━━━ Dataset section ━━━
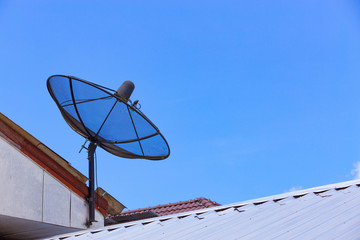 Satellite dish on the house roof communication technology network with blue sky
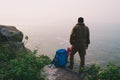 Traveler successful young man standing on top of Mountain and wa Royalty Free Stock Photo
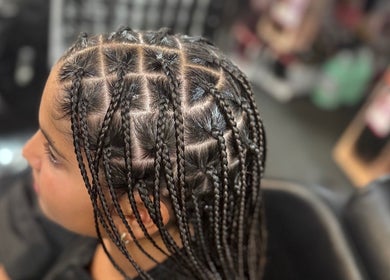 Detailed braided hairstyle at Banusti Beauty LLC in Billerica, Massachusetts, US.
━━━
#### What you have to do:
In the copy, keep every line of the data above exactly and drop each picture.

#### Response:
 Satellite dish on the house roof communication technology network with blue sky
 Traveler successful young man standing on top of Mountain and wa Royalty Free Stock Photo
 Detailed braided hairstyle at Banusti Beauty LLC in Billerica, Massachusetts, US.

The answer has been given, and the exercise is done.